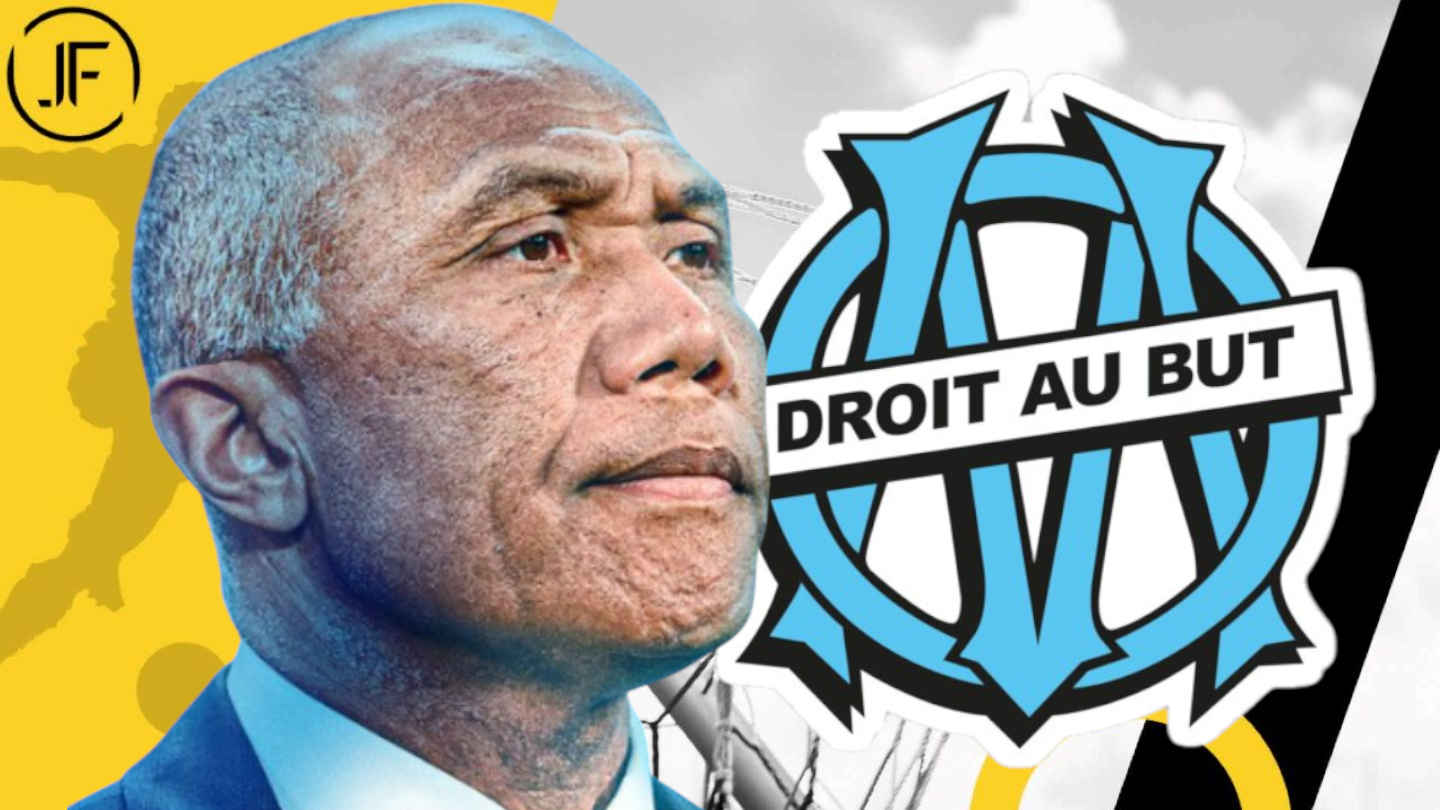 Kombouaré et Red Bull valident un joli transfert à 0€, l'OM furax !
---
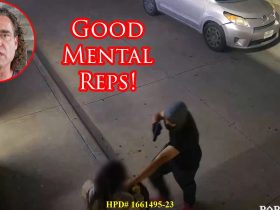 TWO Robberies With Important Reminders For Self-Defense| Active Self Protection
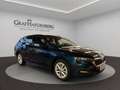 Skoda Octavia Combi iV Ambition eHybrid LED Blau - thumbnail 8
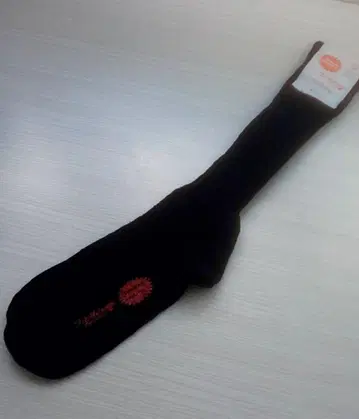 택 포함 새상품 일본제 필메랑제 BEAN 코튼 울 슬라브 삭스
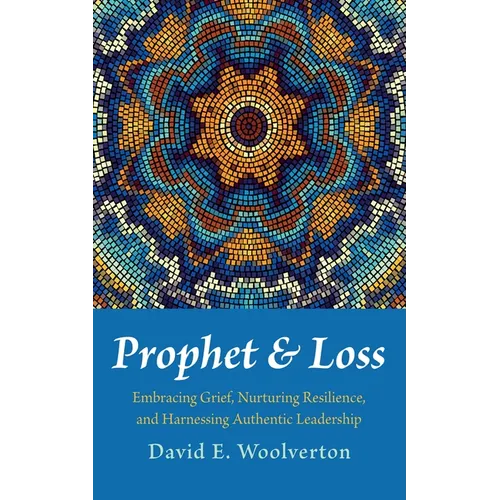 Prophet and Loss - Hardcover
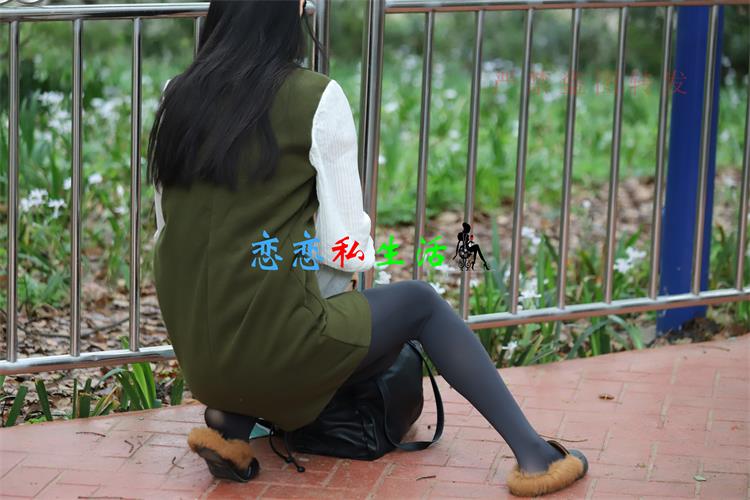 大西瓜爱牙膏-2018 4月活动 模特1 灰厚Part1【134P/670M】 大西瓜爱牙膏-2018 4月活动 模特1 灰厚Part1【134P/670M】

● **EXERCISE OBJECTIVE**
Return only the stretch above from the line containing "Prophet and Loss - Hardcover" through the line containing "大西瓜爱牙膏-2018 4月活动 模特1 灰厚Part1【134P/670M】 大西瓜爱牙膏-2018", word for word and without pictures.

● **FINISHED EXERCISE**
 Prophet and Loss - Hardcover
 大西瓜爱牙膏-2018 4月活动 模特1 灰厚Part1【134P/670M】 大西瓜爱牙膏-2018 4月活动 模特1 灰厚Part1【134P/670M】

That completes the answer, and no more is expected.